*** Information shown Section Begins ***
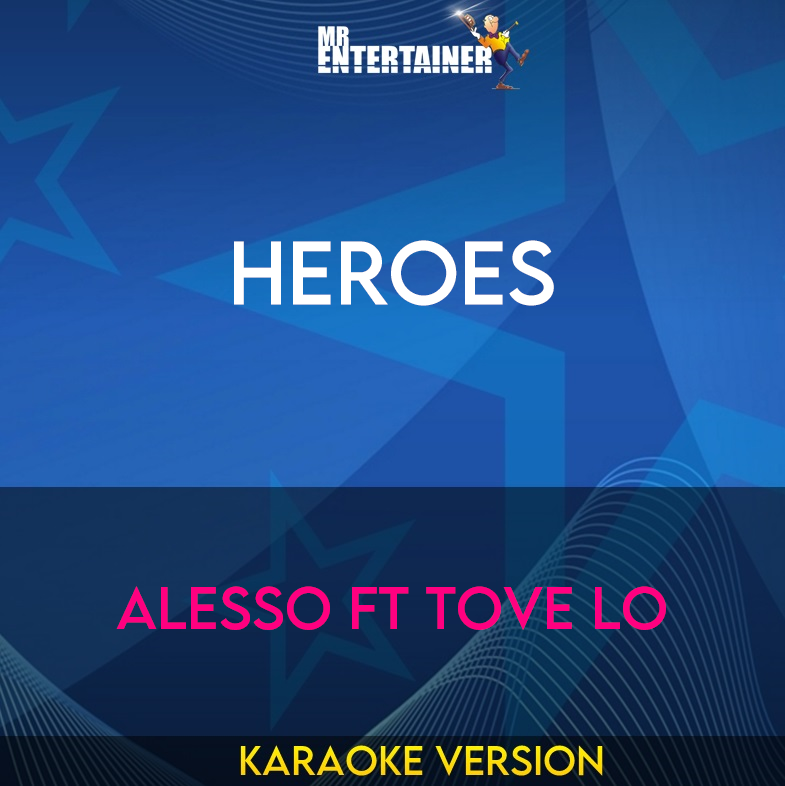 Heroes - Alesso ft Tove Lo (Karaoke Version) from Mr Entertainer Karaoke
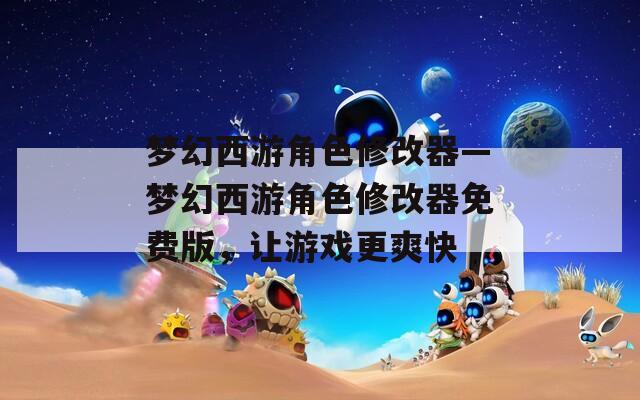 梦幻西游角色修改器—梦幻西游角色修改器免费版，让游戏更爽快  第1张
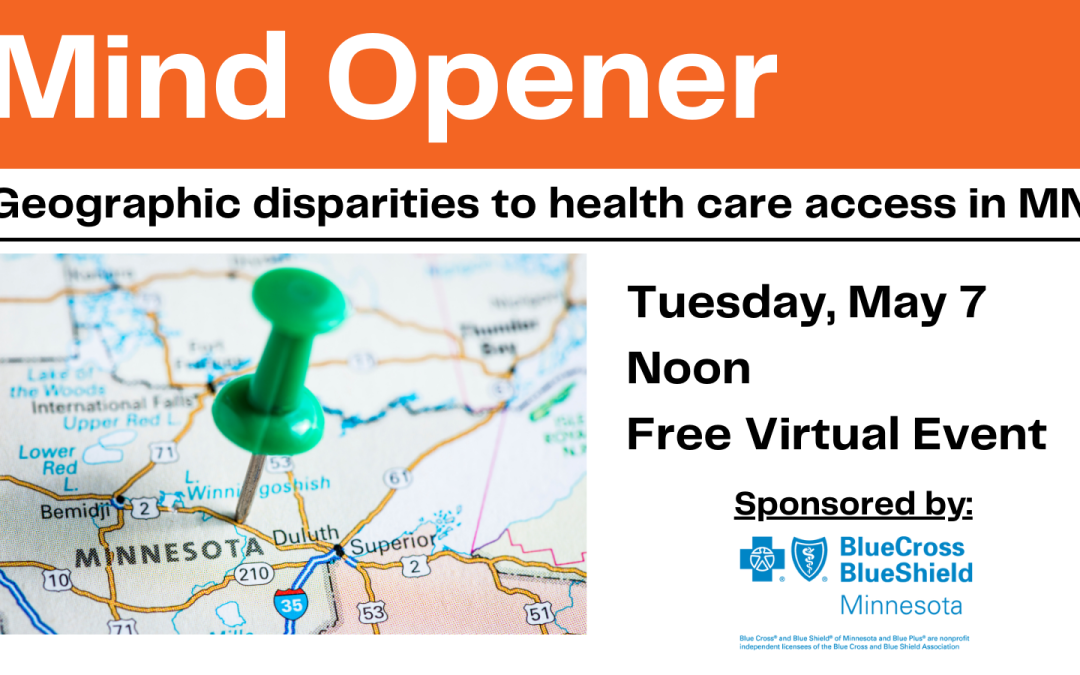Mind Opener: Geographic disparities to health care access in MN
*** Information shown Section Ends ***
**What you need to do:** In the printed copy, the material above must appear unchanged and without its pictures.

**Written answer:**
 Heroes - Alesso ft Tove Lo (Karaoke Version) from Mr Entertainer Karaoke
 梦幻西游角色修改器—梦幻西游角色修改器免费版，让游戏更爽快  第1张
Mind Opener: Geographic disparities to health care access in MN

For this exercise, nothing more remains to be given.